(Data provided begins)

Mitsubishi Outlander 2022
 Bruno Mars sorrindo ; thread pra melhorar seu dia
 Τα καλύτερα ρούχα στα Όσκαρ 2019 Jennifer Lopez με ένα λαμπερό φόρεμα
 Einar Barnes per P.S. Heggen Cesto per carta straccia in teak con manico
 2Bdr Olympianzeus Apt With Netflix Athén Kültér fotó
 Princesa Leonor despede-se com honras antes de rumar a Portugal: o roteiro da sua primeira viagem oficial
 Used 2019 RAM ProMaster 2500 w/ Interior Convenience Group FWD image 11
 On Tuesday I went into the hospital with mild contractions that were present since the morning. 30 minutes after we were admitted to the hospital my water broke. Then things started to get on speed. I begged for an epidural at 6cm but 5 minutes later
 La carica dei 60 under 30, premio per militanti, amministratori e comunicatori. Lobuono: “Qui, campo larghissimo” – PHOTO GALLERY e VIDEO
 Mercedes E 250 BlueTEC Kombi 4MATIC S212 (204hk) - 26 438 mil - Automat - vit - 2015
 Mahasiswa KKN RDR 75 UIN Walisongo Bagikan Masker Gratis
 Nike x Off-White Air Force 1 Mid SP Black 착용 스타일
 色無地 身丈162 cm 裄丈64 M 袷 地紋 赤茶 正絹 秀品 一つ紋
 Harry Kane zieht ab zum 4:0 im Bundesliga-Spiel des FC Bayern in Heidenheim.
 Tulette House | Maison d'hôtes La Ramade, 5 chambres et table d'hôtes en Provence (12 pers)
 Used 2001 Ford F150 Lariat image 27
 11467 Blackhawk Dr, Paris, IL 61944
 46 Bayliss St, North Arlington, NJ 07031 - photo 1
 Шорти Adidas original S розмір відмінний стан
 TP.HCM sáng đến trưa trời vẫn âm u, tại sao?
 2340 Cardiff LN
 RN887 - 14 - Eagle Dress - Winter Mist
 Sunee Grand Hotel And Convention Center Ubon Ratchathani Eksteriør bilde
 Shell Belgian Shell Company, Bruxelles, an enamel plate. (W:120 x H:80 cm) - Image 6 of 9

(Data provided ends)

The task>
Go through the material and report each line that holds the string "Used".

Response to this task>
 Used 2019 RAM ProMaster 2500 w/ Interior Convenience Group FWD image 11
 Used 2001 Ford F150 Lariat image 27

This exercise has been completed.